Future you will thank you.

Step 7 — Add a regression test in CI

A go vet style check, a semgrep rule, or a custom analyser that fails the build on for ... go ... without an enclosing limit. Without enforcement, the pattern returns.


Observability for Bounded Fan-Out

A bounded pool needs four metrics:

Metric Type What it tells you
pool_active gauge How many workers currently busy
pool_queue_depth gauge How deep the queue is
pool_rejected_total counter How many TrySubmit returned false
pool_latency_seconds histogram Wait time from submit to completion

A pool that is always at pool_active == capacity and growing pool_queue_depth is undersized. A pool with rising pool_rejected_total is too small and the producer is not slowing down.

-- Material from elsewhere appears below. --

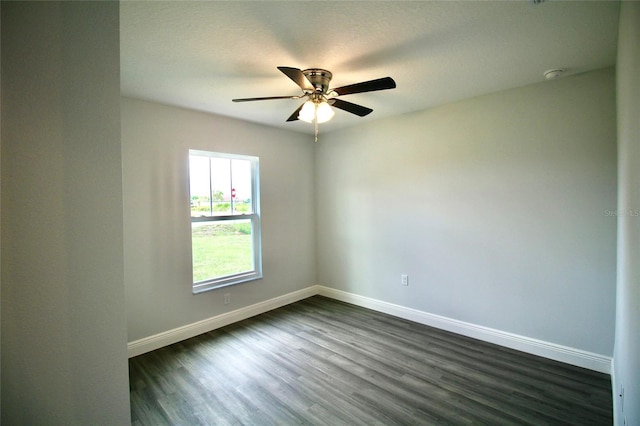 9 Hemlock Terrace Ln, Ocala, FL 34472 - empty room featuring dark wood finished floors, a ceiling fan, and a smoke detector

Wire these via Prometheus or your platform of choice. Alert on:

  • pool_queue_depth / pool_queue_capacity > 0.8 for 5 minutes (capacity warning)
  • pool_rejected_total increasing (overload)
  • runtime.NumGoroutine() > expected baseline (regression of the anti-pattern somewhere)

Anti-Patterns at the Middle Level

Sneaky-unbounded: capacity equal to input size

sem := make(chan struct{}, len(items)) // "bounded"

This is unbounded with extra syntax. The cap must be a constant or configured value, not derived from len(items).

Sneaky-unbounded: the wrapper that spawns

func dispatch(item Item) {
    go process(item)
}

for _, x := range items {
    dispatch(x) // looks bounded; is not
}

The go is now inside dispatch, but the caller is still in a loop. The hiding does not change the fan-out.

Sneaky-unbounded: the closure that recurses

var walk func(n *Node)
walk = func(n *Node) {
    for _, c := range n.Children {
        go walk(c)
    }
}

Each node spawns one goroutine per child, recursively. The tree's total node count is the goroutine count. Convert to a queue-driven crawl with a bounded pool.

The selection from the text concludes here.